(Records from a data collection)
»»
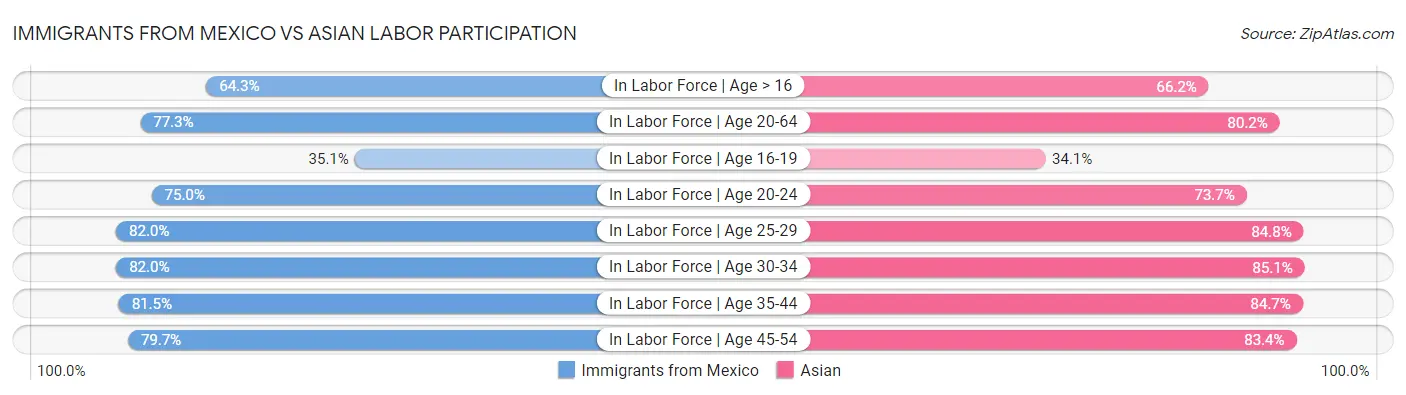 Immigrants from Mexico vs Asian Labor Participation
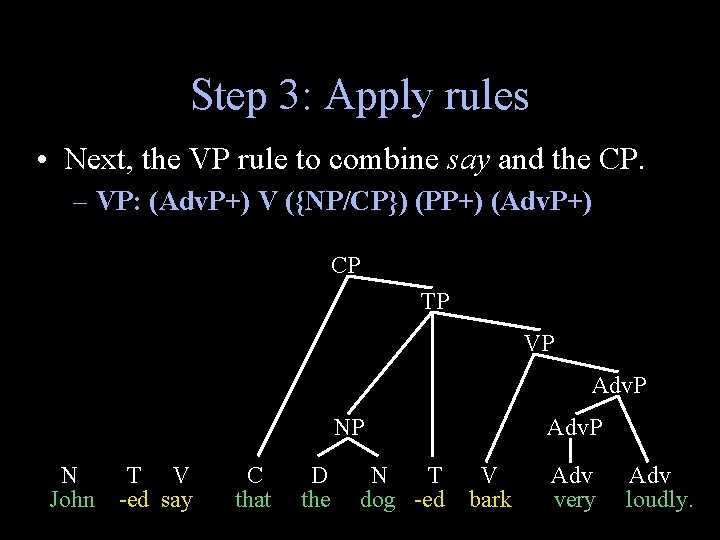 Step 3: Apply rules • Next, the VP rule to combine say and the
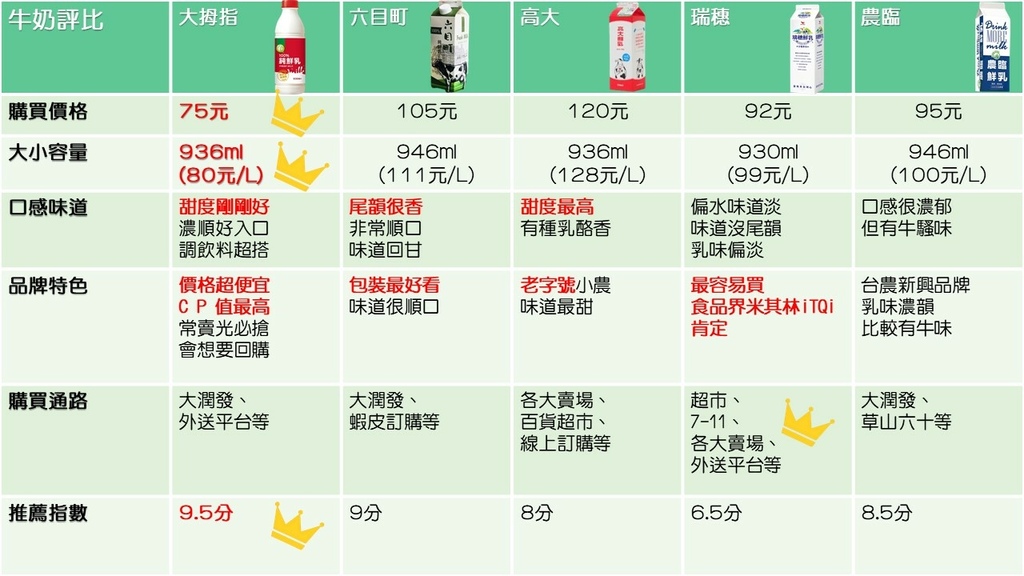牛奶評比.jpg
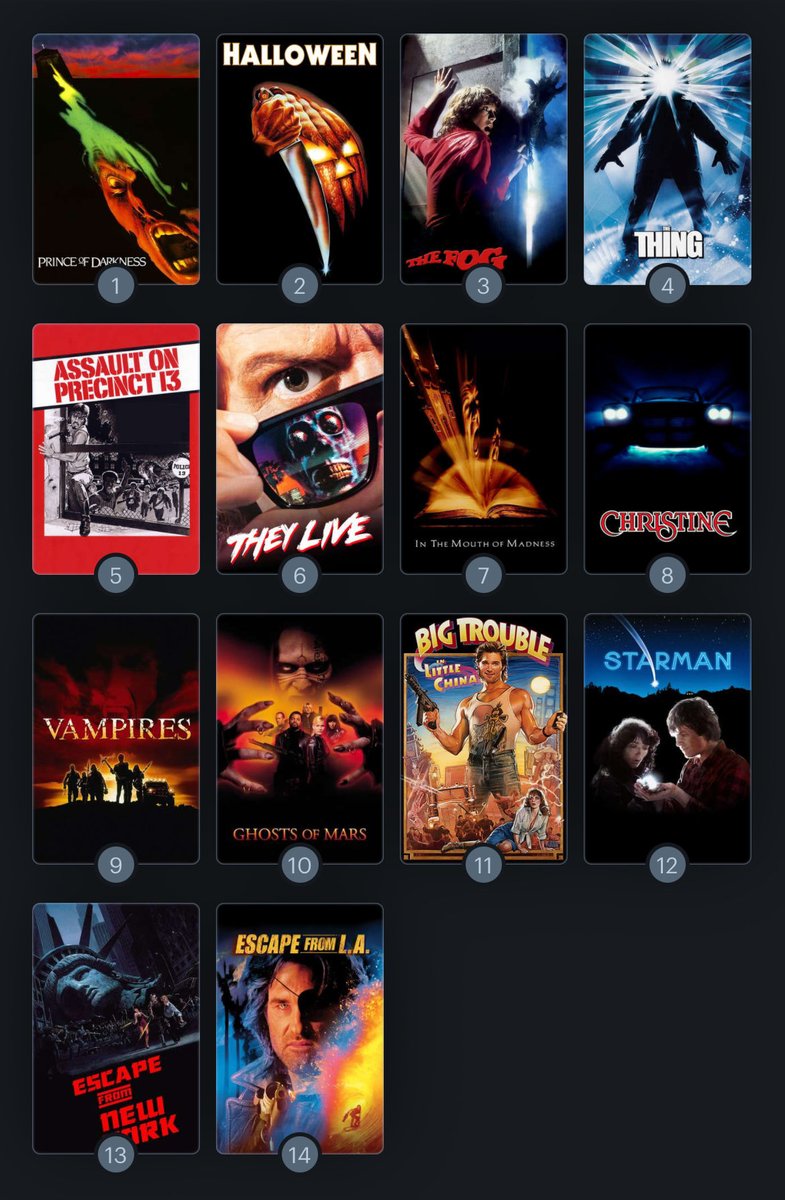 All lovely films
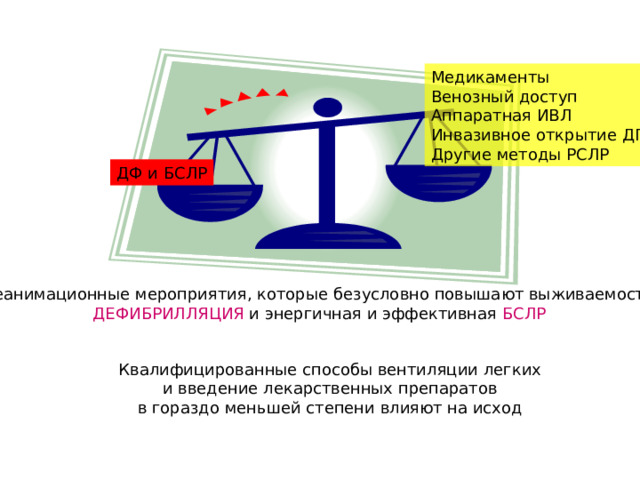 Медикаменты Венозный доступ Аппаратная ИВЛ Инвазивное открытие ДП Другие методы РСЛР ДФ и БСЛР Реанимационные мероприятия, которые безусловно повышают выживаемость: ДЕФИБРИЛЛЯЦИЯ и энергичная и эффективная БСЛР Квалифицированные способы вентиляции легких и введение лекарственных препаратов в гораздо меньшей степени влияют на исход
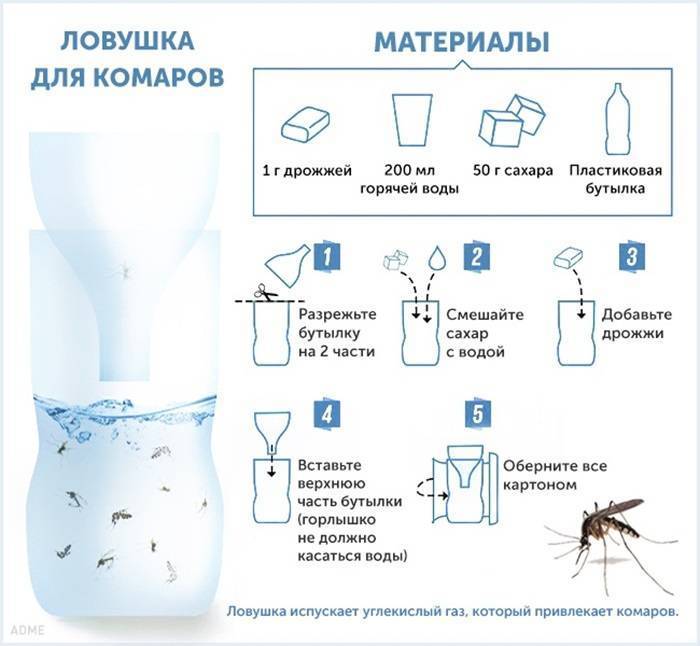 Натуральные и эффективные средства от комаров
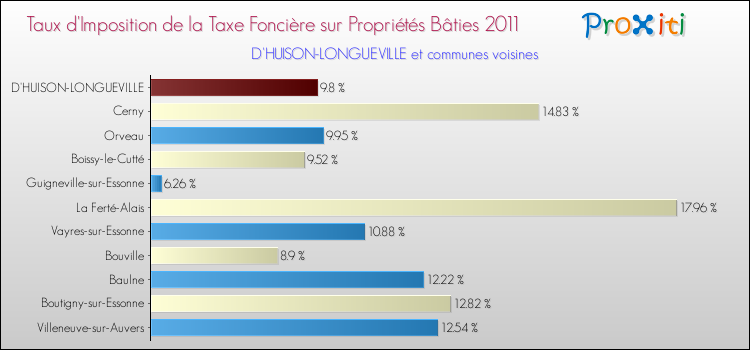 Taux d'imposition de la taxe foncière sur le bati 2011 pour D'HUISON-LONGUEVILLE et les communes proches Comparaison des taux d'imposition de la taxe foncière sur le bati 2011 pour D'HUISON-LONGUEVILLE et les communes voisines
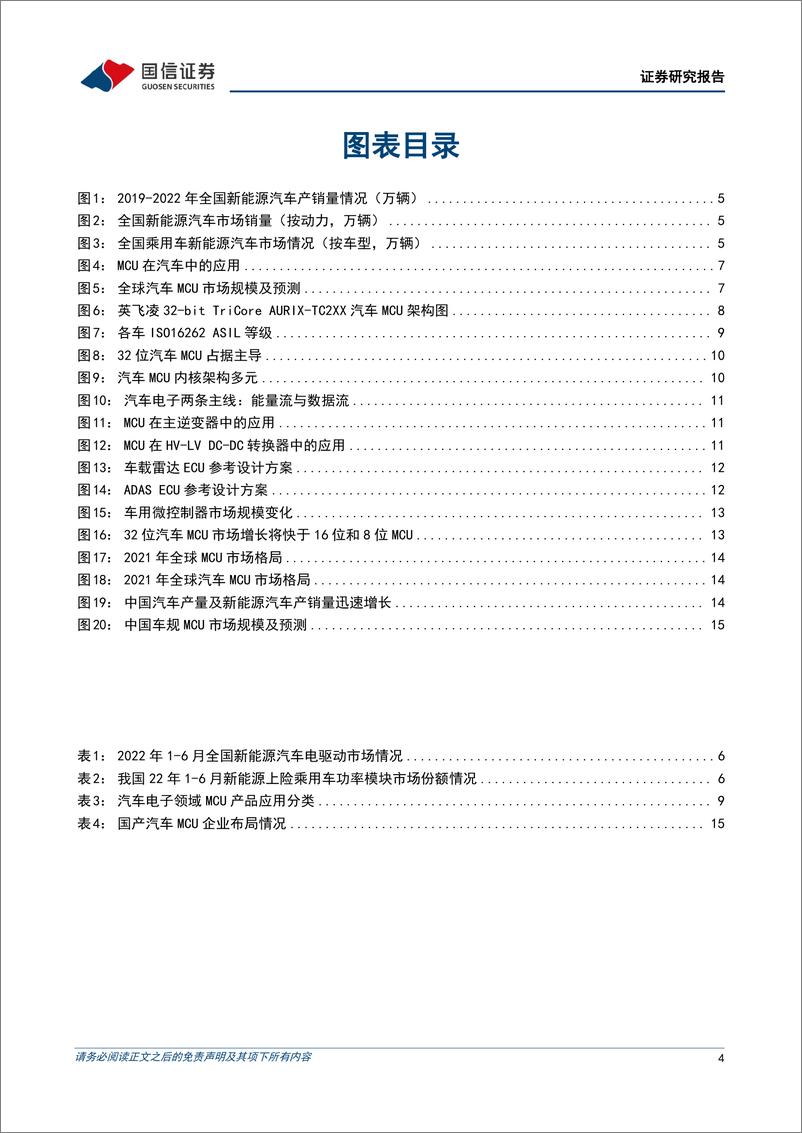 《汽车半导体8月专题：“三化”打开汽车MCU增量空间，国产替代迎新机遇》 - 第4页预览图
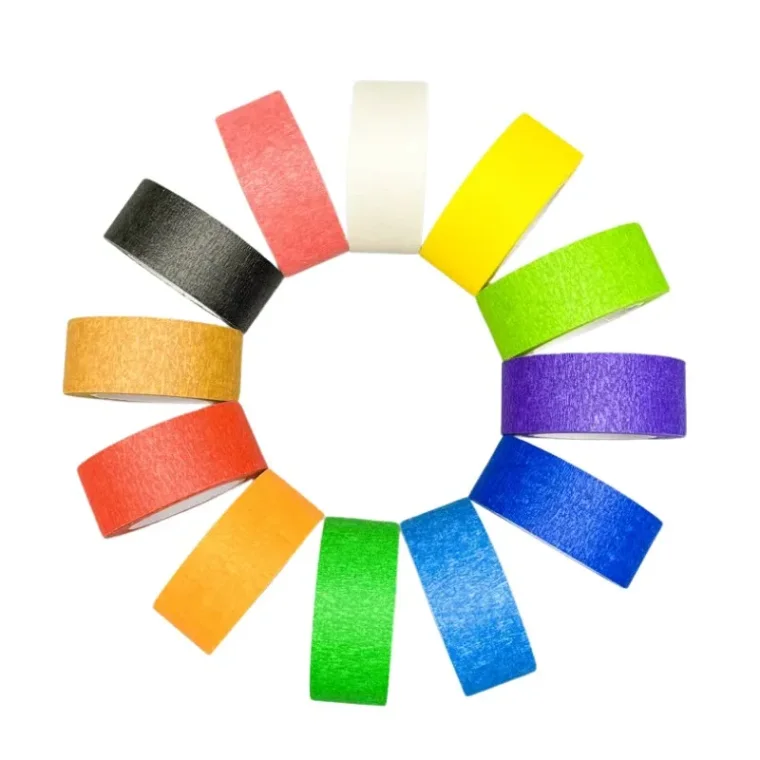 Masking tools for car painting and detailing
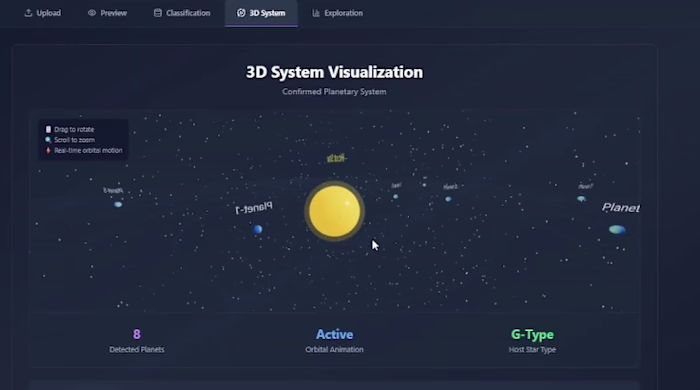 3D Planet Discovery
««
Required work:
All of the data is to be returned exactly, with no pictures included.

Result of this task:
 Immigrants from Mexico vs Asian Labor Participation
 Step 3: Apply rules • Next, the VP rule to combine say and the
牛奶評比.jpg
 All lovely films
 Медикаменты Венозный доступ Аппаратная ИВЛ Инвазивное открытие ДП Другие методы РСЛР ДФ и БСЛР Реанимационные мероприятия, которые безусловно повышают выживаемость: ДЕФИБРИЛЛЯЦИЯ и энергичная и эффективная БСЛР Квалифицированные способы вентиляции легких и введение лекарственных препаратов в гораздо меньшей степени влияют на исход
 Натуральные и эффективные средства от комаров
 Taux d'imposition de la taxe foncière sur le bati 2011 pour D'HUISON-LONGUEVILLE et les communes proches Comparaison des taux d'imposition de la taxe foncière sur le bati 2011 pour D'HUISON-LONGUEVILLE et les communes voisines
 《汽车半导体8月专题：“三化”打开汽车MCU增量空间，国产替代迎新机遇》 - 第4页预览图
 Masking tools for car painting and detailing
 3D Planet Discovery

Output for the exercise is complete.